Primary bile acids are synthesised through cholesterol oxidation via CYPs and secreted into the bile via transporters or receptors, including FXR, Bsep, and Mrp2. CYP7A1 functions as the enzyme that limits the rate of bile production, while FXR, a bile acid-activated nuclear receptor transcription factor, plays a crucial role in maintaining bile acid equilibrium. Bsep and Mrp2, located in bile duct membranes, regulate bile acid efflux. Bsep is a direct downstream gene of FXR, and Mrp2 transcription is also regulated by FXR [34,39].

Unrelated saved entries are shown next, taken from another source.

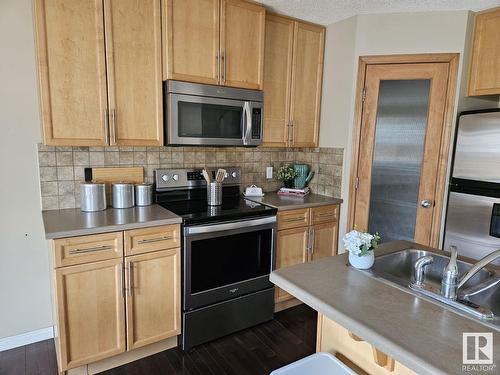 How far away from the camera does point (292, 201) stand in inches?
114

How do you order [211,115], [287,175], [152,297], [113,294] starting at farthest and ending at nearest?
[287,175] < [211,115] < [152,297] < [113,294]

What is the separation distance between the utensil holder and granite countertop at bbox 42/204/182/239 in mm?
378

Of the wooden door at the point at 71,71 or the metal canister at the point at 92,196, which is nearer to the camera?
the wooden door at the point at 71,71

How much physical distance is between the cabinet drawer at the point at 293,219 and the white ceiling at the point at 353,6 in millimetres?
1578

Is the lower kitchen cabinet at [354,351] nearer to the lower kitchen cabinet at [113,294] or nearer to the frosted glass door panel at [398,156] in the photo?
the lower kitchen cabinet at [113,294]

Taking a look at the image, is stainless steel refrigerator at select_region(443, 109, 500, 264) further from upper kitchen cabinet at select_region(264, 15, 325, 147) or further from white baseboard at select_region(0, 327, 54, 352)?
white baseboard at select_region(0, 327, 54, 352)

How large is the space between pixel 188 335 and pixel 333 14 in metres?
2.68

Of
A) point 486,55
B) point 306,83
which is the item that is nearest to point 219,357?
point 306,83

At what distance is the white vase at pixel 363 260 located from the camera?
4.74 ft

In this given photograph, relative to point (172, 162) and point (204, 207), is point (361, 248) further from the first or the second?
point (172, 162)

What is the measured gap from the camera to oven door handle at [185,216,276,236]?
7.30 feet

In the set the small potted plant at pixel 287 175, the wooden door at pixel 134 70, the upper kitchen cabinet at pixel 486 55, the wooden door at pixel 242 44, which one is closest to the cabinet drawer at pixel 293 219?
the small potted plant at pixel 287 175

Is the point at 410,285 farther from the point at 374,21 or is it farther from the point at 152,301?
the point at 374,21

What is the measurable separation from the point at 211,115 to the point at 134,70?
598 millimetres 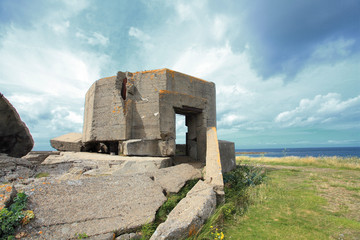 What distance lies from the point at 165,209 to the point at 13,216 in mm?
1838

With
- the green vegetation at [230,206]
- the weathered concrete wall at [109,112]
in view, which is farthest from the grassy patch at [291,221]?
the weathered concrete wall at [109,112]

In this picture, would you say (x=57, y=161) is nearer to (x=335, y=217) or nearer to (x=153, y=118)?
(x=153, y=118)

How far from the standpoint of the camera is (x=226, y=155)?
23.3 feet

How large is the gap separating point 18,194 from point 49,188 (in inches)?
14.8

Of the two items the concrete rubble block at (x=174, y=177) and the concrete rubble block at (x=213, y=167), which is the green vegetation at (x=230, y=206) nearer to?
the concrete rubble block at (x=213, y=167)

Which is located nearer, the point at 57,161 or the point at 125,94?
the point at 57,161

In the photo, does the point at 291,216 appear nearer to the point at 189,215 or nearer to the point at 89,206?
the point at 189,215

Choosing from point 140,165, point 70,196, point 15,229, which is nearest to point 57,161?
point 140,165

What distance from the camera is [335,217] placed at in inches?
140

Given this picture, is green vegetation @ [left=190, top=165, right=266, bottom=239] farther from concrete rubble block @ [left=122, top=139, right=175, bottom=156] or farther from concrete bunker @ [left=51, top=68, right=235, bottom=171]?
concrete rubble block @ [left=122, top=139, right=175, bottom=156]

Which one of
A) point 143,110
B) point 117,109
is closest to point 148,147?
point 143,110

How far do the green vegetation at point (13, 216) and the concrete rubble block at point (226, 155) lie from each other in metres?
5.36

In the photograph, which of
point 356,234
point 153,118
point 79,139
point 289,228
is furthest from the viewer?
point 79,139

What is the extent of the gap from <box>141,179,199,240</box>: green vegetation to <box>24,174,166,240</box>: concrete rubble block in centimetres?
7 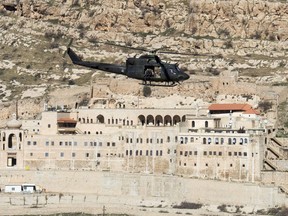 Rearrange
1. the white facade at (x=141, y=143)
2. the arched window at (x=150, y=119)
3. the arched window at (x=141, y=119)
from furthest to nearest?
the arched window at (x=150, y=119)
the arched window at (x=141, y=119)
the white facade at (x=141, y=143)

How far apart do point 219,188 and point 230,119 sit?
8384mm

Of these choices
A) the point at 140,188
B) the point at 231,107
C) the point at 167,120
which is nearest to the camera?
the point at 140,188

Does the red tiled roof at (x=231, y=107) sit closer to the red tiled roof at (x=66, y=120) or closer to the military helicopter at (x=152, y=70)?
the red tiled roof at (x=66, y=120)

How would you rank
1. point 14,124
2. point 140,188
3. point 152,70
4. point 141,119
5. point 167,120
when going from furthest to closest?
point 14,124 → point 167,120 → point 141,119 → point 140,188 → point 152,70

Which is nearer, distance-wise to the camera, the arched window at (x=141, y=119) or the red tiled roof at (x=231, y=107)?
the red tiled roof at (x=231, y=107)

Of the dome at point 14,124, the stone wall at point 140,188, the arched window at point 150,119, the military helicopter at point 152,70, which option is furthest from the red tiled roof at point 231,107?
the military helicopter at point 152,70

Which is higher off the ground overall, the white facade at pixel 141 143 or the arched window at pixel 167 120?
the arched window at pixel 167 120

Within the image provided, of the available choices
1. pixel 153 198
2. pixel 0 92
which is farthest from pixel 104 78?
pixel 153 198

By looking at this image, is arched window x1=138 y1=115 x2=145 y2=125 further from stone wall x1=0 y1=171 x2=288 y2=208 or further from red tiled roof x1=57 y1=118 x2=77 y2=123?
stone wall x1=0 y1=171 x2=288 y2=208

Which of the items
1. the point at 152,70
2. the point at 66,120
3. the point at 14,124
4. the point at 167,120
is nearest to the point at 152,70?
the point at 152,70

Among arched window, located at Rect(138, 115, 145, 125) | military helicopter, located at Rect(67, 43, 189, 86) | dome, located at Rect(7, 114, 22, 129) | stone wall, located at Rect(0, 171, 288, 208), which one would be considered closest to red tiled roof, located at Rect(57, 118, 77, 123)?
dome, located at Rect(7, 114, 22, 129)

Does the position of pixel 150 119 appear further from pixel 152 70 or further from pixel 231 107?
pixel 152 70

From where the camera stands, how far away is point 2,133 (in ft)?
574

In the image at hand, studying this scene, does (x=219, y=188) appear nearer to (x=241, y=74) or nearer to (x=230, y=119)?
(x=230, y=119) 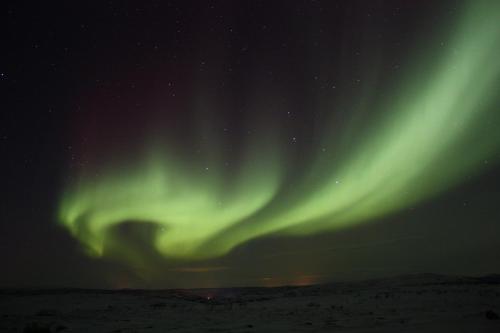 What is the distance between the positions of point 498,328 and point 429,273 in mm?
60649

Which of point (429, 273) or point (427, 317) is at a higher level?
point (429, 273)

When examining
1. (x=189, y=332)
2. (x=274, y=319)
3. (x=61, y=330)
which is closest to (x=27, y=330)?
(x=61, y=330)

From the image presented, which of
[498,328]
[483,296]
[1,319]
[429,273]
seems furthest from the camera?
[429,273]

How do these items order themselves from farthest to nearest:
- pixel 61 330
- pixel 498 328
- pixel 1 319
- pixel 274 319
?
pixel 1 319 → pixel 274 319 → pixel 61 330 → pixel 498 328

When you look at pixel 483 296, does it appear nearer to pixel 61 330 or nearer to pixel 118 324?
pixel 118 324

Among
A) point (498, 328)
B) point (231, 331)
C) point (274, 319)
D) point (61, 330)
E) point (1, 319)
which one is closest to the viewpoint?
point (498, 328)

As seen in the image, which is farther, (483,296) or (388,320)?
(483,296)

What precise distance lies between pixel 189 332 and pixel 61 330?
19.5 feet

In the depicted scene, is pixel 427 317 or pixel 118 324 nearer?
pixel 427 317

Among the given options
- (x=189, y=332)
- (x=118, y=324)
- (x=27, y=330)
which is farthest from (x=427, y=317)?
(x=27, y=330)

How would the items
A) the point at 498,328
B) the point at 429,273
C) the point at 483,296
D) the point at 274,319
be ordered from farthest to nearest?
1. the point at 429,273
2. the point at 483,296
3. the point at 274,319
4. the point at 498,328

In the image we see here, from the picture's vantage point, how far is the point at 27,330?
49.7 feet

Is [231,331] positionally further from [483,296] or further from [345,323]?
[483,296]

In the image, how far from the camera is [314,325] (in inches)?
597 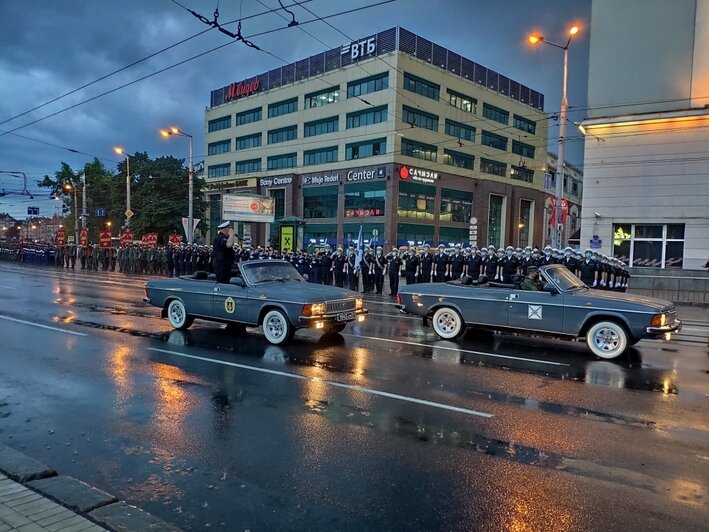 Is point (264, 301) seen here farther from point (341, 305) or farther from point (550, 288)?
point (550, 288)

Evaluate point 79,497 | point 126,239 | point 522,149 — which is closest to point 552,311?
point 79,497

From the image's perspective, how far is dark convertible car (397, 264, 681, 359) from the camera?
28.4 ft

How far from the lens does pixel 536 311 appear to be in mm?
9375

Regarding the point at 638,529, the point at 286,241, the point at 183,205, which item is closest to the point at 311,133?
the point at 286,241

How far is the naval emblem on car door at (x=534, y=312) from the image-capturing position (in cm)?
934

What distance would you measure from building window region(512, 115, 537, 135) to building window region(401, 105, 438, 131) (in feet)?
47.2

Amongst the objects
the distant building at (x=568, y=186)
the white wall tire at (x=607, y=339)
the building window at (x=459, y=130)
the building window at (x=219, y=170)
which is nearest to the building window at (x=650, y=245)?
the white wall tire at (x=607, y=339)

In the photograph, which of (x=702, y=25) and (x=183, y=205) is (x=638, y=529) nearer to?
Answer: (x=702, y=25)

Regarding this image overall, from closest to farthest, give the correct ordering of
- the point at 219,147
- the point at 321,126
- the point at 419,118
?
1. the point at 419,118
2. the point at 321,126
3. the point at 219,147

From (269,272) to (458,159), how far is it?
154ft

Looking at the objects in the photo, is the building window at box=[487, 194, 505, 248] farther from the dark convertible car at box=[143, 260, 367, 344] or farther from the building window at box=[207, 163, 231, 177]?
the dark convertible car at box=[143, 260, 367, 344]

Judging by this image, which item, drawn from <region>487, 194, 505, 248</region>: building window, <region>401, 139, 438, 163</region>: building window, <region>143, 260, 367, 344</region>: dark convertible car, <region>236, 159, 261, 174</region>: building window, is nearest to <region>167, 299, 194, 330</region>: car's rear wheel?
<region>143, 260, 367, 344</region>: dark convertible car

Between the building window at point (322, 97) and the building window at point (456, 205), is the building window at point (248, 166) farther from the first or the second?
the building window at point (456, 205)

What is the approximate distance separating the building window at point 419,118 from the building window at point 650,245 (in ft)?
89.2
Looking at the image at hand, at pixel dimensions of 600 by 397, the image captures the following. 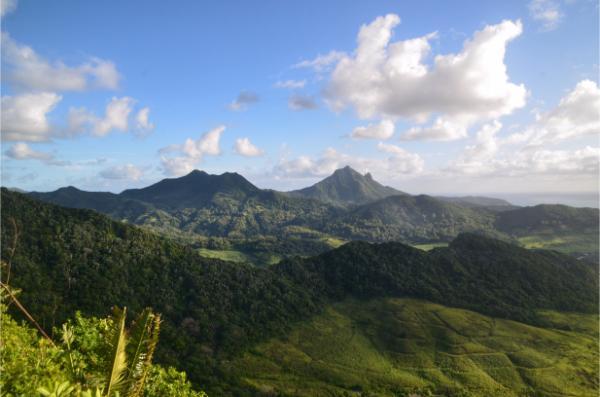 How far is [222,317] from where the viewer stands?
189250 mm

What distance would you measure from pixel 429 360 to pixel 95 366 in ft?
586

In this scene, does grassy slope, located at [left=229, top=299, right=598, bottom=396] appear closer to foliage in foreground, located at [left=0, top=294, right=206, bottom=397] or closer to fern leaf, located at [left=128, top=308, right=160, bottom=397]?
foliage in foreground, located at [left=0, top=294, right=206, bottom=397]

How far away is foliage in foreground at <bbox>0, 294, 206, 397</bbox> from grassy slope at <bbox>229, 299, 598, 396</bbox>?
13201 centimetres

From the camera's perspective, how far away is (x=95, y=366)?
15.3m

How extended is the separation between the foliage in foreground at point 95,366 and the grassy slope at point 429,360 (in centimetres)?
13201

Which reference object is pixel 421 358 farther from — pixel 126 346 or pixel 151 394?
pixel 126 346

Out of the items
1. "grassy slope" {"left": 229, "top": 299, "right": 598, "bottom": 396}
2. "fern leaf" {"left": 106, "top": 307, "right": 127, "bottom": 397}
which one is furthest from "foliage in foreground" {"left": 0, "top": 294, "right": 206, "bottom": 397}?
"grassy slope" {"left": 229, "top": 299, "right": 598, "bottom": 396}

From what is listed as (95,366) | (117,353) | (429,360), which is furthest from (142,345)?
(429,360)

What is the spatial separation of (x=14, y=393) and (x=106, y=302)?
171137 mm

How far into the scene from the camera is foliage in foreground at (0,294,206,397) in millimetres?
11055

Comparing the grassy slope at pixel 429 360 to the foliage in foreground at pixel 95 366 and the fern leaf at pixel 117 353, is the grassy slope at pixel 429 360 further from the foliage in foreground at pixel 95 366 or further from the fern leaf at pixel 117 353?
the fern leaf at pixel 117 353

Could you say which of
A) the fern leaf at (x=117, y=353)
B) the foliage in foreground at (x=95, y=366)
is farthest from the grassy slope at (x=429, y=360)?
the fern leaf at (x=117, y=353)

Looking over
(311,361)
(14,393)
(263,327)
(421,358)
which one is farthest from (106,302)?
(14,393)

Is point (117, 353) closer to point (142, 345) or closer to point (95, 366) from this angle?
point (142, 345) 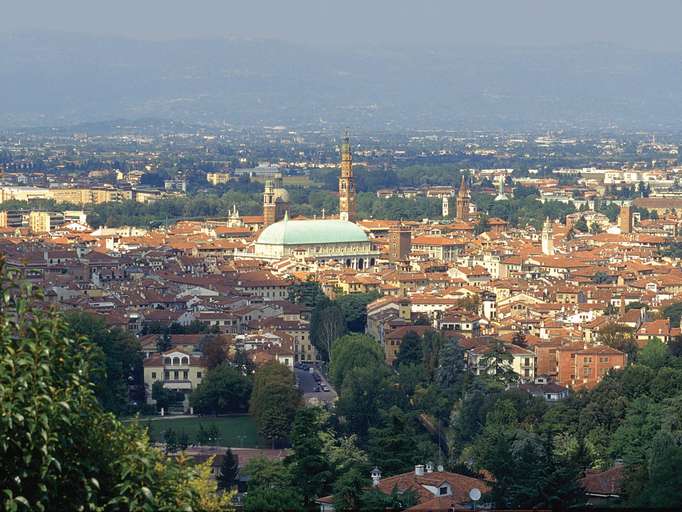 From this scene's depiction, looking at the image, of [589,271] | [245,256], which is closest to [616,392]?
[589,271]

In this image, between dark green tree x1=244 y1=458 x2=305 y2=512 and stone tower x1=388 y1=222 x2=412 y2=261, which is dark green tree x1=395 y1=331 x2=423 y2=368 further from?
stone tower x1=388 y1=222 x2=412 y2=261

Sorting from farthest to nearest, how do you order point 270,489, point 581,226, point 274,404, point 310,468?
1. point 581,226
2. point 274,404
3. point 310,468
4. point 270,489

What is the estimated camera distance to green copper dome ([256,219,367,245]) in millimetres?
60656

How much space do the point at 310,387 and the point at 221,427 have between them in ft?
14.7

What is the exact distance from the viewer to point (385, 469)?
870 inches

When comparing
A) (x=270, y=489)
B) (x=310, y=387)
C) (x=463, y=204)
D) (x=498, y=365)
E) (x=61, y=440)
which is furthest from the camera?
(x=463, y=204)

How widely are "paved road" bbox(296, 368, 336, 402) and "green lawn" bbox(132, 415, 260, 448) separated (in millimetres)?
1773

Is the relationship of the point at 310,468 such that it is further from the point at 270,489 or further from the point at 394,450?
the point at 270,489

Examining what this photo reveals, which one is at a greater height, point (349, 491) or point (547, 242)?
point (349, 491)

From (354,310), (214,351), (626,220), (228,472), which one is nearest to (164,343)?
(214,351)

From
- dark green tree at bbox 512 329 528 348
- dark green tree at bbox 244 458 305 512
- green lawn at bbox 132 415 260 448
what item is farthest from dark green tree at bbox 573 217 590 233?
dark green tree at bbox 244 458 305 512

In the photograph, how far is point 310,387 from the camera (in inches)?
1324

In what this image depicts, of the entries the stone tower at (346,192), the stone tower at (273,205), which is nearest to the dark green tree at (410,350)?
the stone tower at (273,205)

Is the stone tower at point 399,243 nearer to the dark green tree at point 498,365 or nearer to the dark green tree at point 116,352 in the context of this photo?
the dark green tree at point 116,352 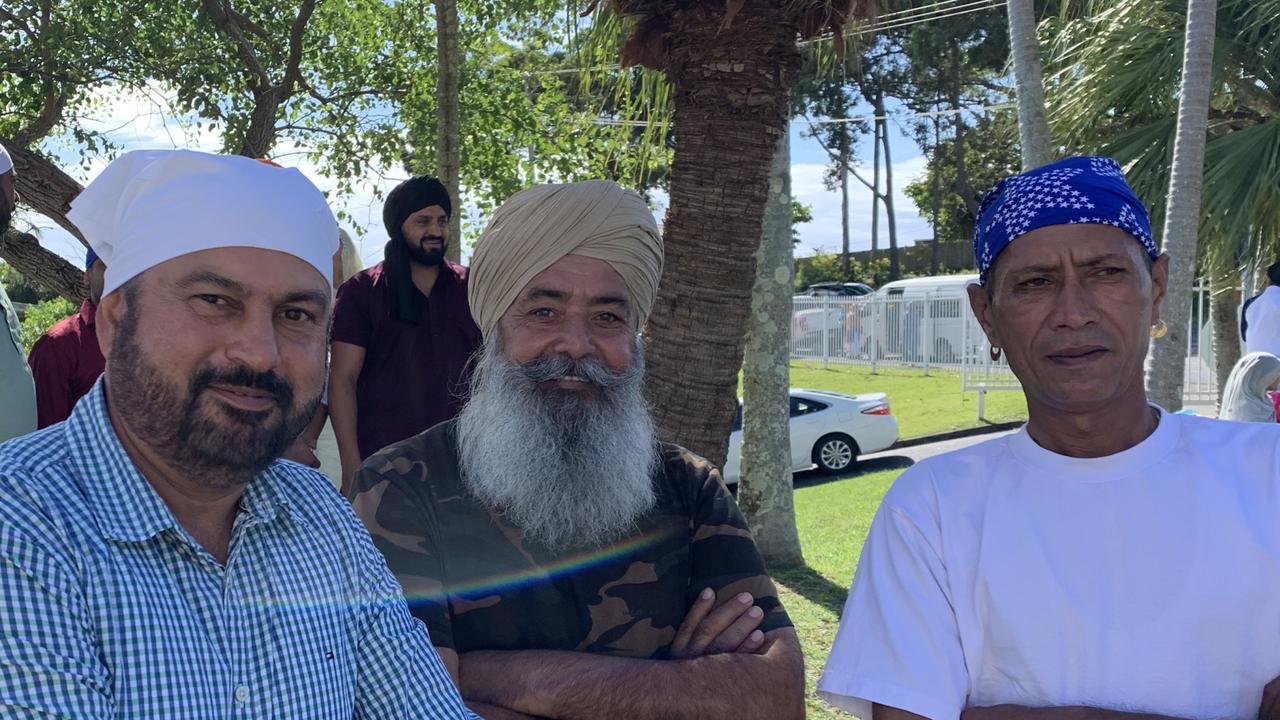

The hepatic expression levels of CYP7A1, Bsep, Mrp2, and FXR were downregulated in rats with liver injury, consistent with prior research [40,41]. However, immunohistochemical results showed elevated expression of Bsep in injured liver tissue. This discrepancy may be attributed to the presence of transcriptional and post-transcriptional regulatory mechanisms in Bsep [42]. Nevertheless, administering FMGs significantly reversed these disruptions, suggesting that its potential mechanism for treating liver damage may involve correcting disorders in taurine and hypotaurine metabolism, as well as the primary biosynthesis pathway of bile acids.

5. Conclusions

This study demonstrates the potent hepatoprotective effect of FMGs on rats with hepatic injury, as evidenced by histopathological evaluation, biochemical index assays, and metabolomics analyses. Our findings solidify FMGs as a promising therapeutic option for liver injury, with their hepatoprotective effect intricately linked to the modulation of oxidative stress, inflammation, fibrosis, taurine and hypotaurine metabolism, and primary bile acid biosynthesis. This comprehensive study provides valuable insights into the mechanisms underlying the liver-protective effects of FMGs.